It looks like you had a very nice hike along this trail!
Let me see if I can straighten out the railroad history for you.
The Burlington and Mount Holly Railroad and Transportation Company received its legislative charter in 1836, but the company became moribund from the effects of the Panic of 1837, so little or no work was completed. In 1848, the state legislature passed supplemental acts to the original incorporation, allowing construction to begin. As built, the line extended from a wharf on the Delaware River in East Burlington, near the present-day Curtin Marina, southward to Mount Holly, terminating near Grant Street. Here the company had an engine house, a station, cattle pens, etc. In 1857, management determined it would extend the line to Pemberton and received a legislative charter for the Burlington County Railroad and it is a portion of this route that you hiked. In 1865, the Vincentown Branch of the Burlington County Railroad received its charter. Then the Camden & Amboy, as the parent company and source of funding for these lines, decided it would extend the Burlington County Railroad to Camden and chartered the Camden & Burlington County Railroad in 1866. The line to Medford from Mount Holly was built in 1868-69. Eventually the line leaving Mount Holly for Pemberton branched off at Birmingham and reached the Jersey coast at Barnegat Pier and extended out across the bay on a long trestle, which burned in 1944.

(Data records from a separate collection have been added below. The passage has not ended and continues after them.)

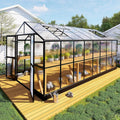 [08X16FT] Heavy-Duty Outdoor Walk-In Polycarbonate Patio Greenhouse with Double Swing Doors, 6MM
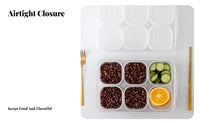 With Dividers Divided Ingredient Box Transparent structure Compartment Storage container Airtight Lid Food Container Stackable for Home Organizers, Meal Preppers, Parents, Kitchen, Refrigerator, outdoor meal, Office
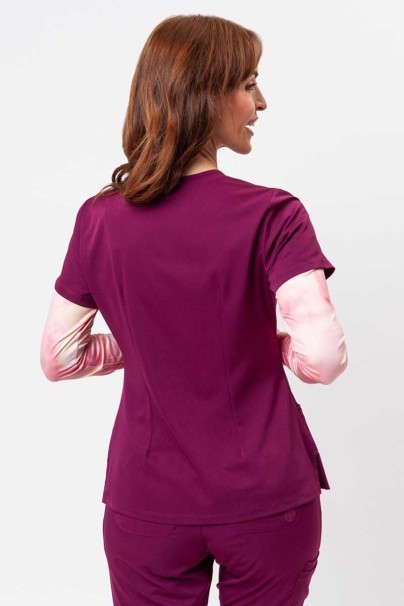 Women's Healing Hands Monica V-neck scrub top wine-2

The electric car you link to in your posting represents the very first experimentation in electrification in which the Pennsylvania Railroad engaged. The company constructed a powerhouse in Mount Holly and strung trolley wire between Mount Holly and Burlington and operated these cars. The electric service only operated for a year or two before the powerhouse burned down and management decided not to rebuild the generating station. It was from this little experiment that the electrified Northeast Corridor grew. This car, however, never operated on the portion of the line that you hiked.
Yes, the station is the same one viewed in the post card on the West Jersey History Project. The two-story building to the right of the station served the line going to Burlington.
Let me know if you have any other questions.